Sep 08 '25 09:09 Amin456789

@LostRuins could u please take a look into it? i have no problem generation image with ur koboldcpp as it uses my avx2 very good but working with sd cpp doesnt work for me anymore

Sep 08 '25 14:09 Amin456789

Could you please give more details, so I can try to reproduce it here? Which version, model type, and parameters? Are you using a binary release, and on which platform?

Sep 08 '25 15:09 wbruna

hi, thank u for ur attention, i use windows 11 and for the test i tested wan 2.1 gguf and the official parameters for txt and image generation. i use photon lcm model that i use for older version of sd cpp which works for image generation even model conversaion doesnt work, i mean any operation doesnt work at all like before, i fairly know how to use sd cpp for a long time so i can tell something is wrong here unfurtunalty yes i use binary release from this repo. the latest version

Sep 08 '25 15:09 Amin456789

I don't have Windows here, but the sd-master-abb115c-bin-win-avx2-x64.zip binary seems to work fine on Wine (I don't have the merged model, so I'm using the LCM LoRA):

wine ./sd.exe -p 'forestlora:lcm-lora-sdv1-5:1.0' --sampling-method lcm --model ./photon_v1.safetensors --lora-model-dir . --steps 6 --cfg-scale 1 -H 320

Perhaps the specific sd.exe you downloaded got corrupted?

Sep 08 '25 15:09 wbruna

thank u for ur answer, downloaded ur version. still no luck..

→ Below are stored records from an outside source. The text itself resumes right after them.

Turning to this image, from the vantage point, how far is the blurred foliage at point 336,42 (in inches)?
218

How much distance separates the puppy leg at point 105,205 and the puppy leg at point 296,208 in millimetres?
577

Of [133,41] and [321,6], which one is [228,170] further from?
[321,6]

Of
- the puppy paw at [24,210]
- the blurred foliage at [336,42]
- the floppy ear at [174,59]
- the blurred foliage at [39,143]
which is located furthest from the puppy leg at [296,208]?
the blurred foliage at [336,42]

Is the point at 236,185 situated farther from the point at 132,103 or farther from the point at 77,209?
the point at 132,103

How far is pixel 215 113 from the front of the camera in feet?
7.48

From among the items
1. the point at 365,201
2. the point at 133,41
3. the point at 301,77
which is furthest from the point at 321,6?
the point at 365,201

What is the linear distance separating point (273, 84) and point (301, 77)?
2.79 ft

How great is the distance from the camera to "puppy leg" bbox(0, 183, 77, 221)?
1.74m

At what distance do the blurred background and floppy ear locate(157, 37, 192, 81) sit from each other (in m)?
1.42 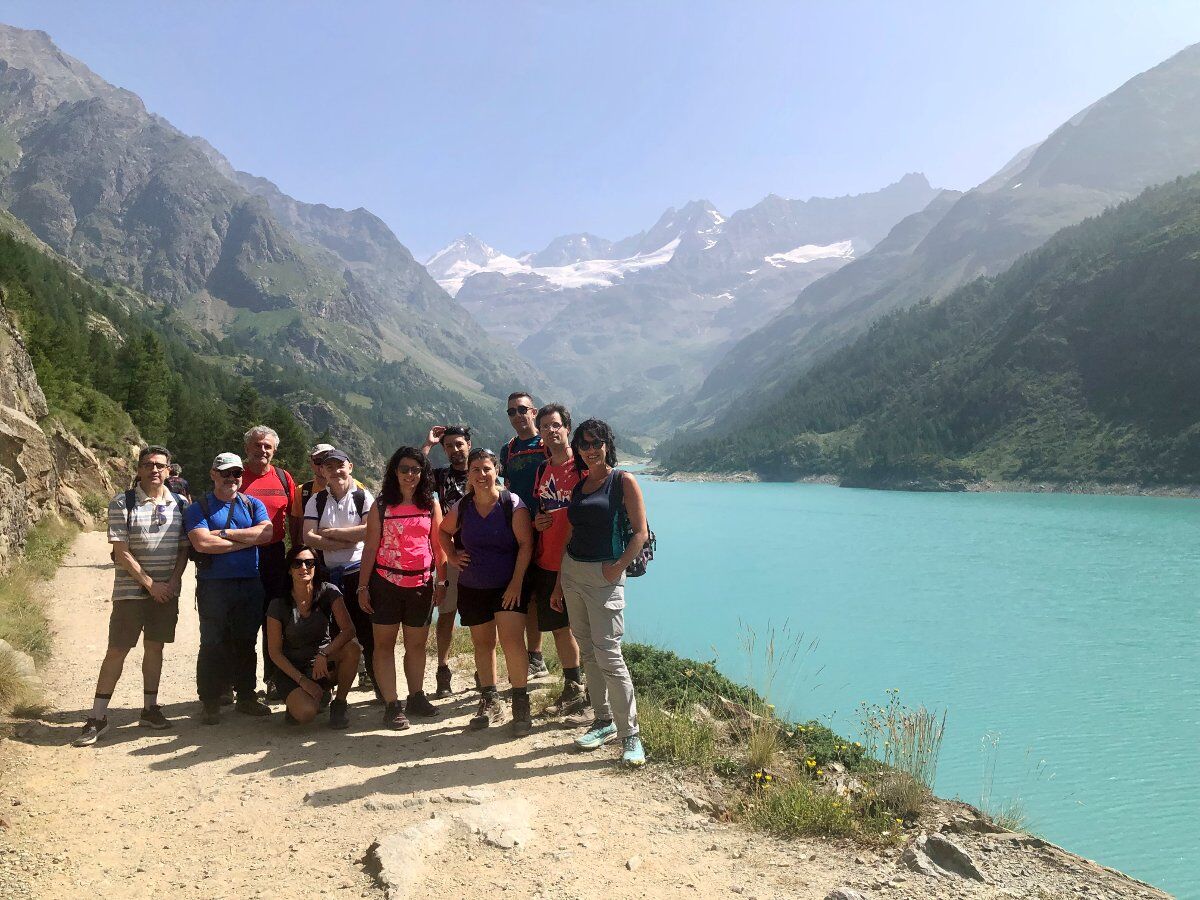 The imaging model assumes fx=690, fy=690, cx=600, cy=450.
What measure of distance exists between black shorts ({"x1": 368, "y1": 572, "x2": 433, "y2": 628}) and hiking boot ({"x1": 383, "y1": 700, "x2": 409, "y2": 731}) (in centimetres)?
84

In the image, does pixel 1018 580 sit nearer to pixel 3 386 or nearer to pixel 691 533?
pixel 691 533

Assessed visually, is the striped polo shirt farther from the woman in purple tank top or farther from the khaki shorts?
the khaki shorts

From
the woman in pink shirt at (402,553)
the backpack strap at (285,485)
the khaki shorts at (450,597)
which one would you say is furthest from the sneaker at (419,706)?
the backpack strap at (285,485)

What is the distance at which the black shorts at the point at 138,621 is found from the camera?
5.89 meters

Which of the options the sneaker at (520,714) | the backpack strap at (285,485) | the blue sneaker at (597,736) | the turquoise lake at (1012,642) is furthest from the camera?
the turquoise lake at (1012,642)

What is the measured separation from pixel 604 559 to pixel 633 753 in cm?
154

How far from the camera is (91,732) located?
226 inches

Sep 08 '25 17:09 Amin456789

Could you run that command with -v, and paste the result here (including the command itself)?

Also, what is the last version that do work for you?

Sep 08 '25 17:09 wbruna

this is the last version that works = https://github.com/leejet/stable-diffusion.cpp/releases/tag/master-b1fc16b

after that everything else is not working.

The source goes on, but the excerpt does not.